Newsletter Volume 34, Number 1, 2019

受賞者からのコメント

顔写真:眞弓 慶

ベストポスター賞を受賞して

塩野義製薬株式会社
開発研究所 薬物動態研究部門
眞弓 慶

 この度は,日本薬物動態学会第33回年会/MDO国際合同学会において,「Successful prediction of human PK profiles for drug candidate selection: Novel modeling for PBPK approach using human iPS cell derived intestinal epithelial cells」というタイトルで,栄誉あるベストポスター賞を賜り,誠に有難うございます.JSSX年会長の玉井郁巳先生,MDO年会長の横井 毅先生をはじめ,ご審査頂きました選考委員の先生方,並びに日本薬物動態学会関係者各位,MDO関係者各位に厚く御礼申し上げます.
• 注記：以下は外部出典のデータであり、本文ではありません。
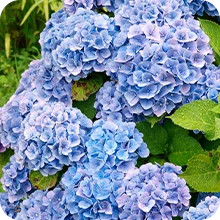 Hortensia Bleu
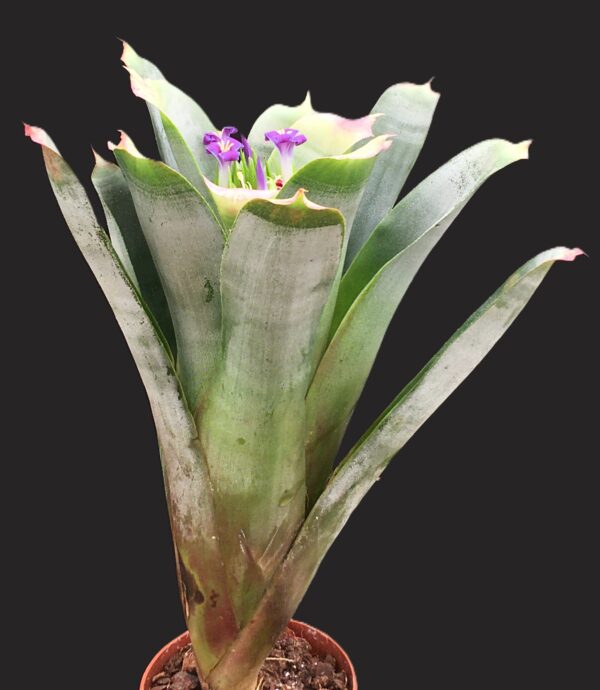 Neoregelia bahiana (syn. bahiana Forma Viridis) – Bild 6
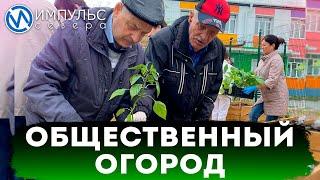 В Новом Уренгое появился первый общественный огород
 創薬の探索研究段階におけるヒト体内動態(PK)の予測は,臨床投与量の推定,安全性マージンの算定及び薬物間相互作用リスクの把握において極めて重要な情報となります.そこで,我々は低コストかつ高スループットで確度高くヒトPKを予測することを目的として,探索研究段階における生理学的速度論解析(PBPK)の活用を目指してきました.

 PBPKモデルは,生理学的環境を模倣した組織コンパートメントを数理学モデルで表現することにより,生体内における化合物の経時的な濃度推移を予測できます.しかし,in vitro試験を基にした従来型のPBPKモデルは,最高血漿中濃度(Cmax),血漿中濃度曲線下面積(AUC0-t)及び生物学的利用率(BA)などの予測確度が実測値と比較して2-3倍以上乖離する報告例も多数あることから,創薬現場で満足のいく予測性ではありません.我々はこの低予測性の原因が,in vitro試験系及びPBPKモデルの堅牢性に起因していることを疑い,吸収,分布及び代謝過程の予測法を見直すことにしました.まず,経口吸収過程では,ヒトiPS由来小腸細胞の膜透過試験により化合物の代謝・能動輸送を考慮した膜透過速度を評価した後,膜透過速度をPBPKモデルの消化管コンパートメントに入力可能な吸収速度定数に変換するための手法を構築しました.また,ヒトの組織移行性予測には,組織構成成分と化合物の物性値等に基づく理論値をラットの組織分布のデータを用いて予測値を補正する新規手法を適応しました.加えて,化合物の消失過程に重要な肝臓コンパートメントでは,細胞内のタンパク非結合率の算出に当たり,従来からのfree理論に基づいた方法ではなく,化合物の生体内挙動をより緻密に再現可能なpH分配仮説及びアルブミン介在性の膜透過を考慮しました.これらのノウハウを包含したPBPKモデルを用いて市販15化合物のヒトPKを予測した結果,Cmax,AUC0-t,BA,最高血漿中濃度到達時間(Tmax)及びトラフ濃度(Clast)の予測結果は平均して実測比2倍以内と極めて高い予測確度を得ることができました.この結果より,本法は,探索研究段階においてヒトPK予測手法の新機軸として活用可能であり,ヒト体内動態の予測結果を基にした化合物選抜や構造最適化といった究極の創薬手法の実現に繋がると考えています.今後は,病態によるPKの変動や薬効標的組織における薬物濃度推移の予測法も検討し,ヒトPK予測の更なる有用性向上に努める予定です.

 最後に,共に研究を遂行しました赤澤貴憲氏,並びに指導を賜りました大西秀一氏,高橋浩治氏,金津卓史氏,鈴木紀子氏,長谷川博司氏,また塩野義製薬株式会社薬物動態研究部門各位,シオノギテクノアドバンスリサーチ株式会社の関連部門各位に,この場をお借りしまして深く感謝を申し上げます.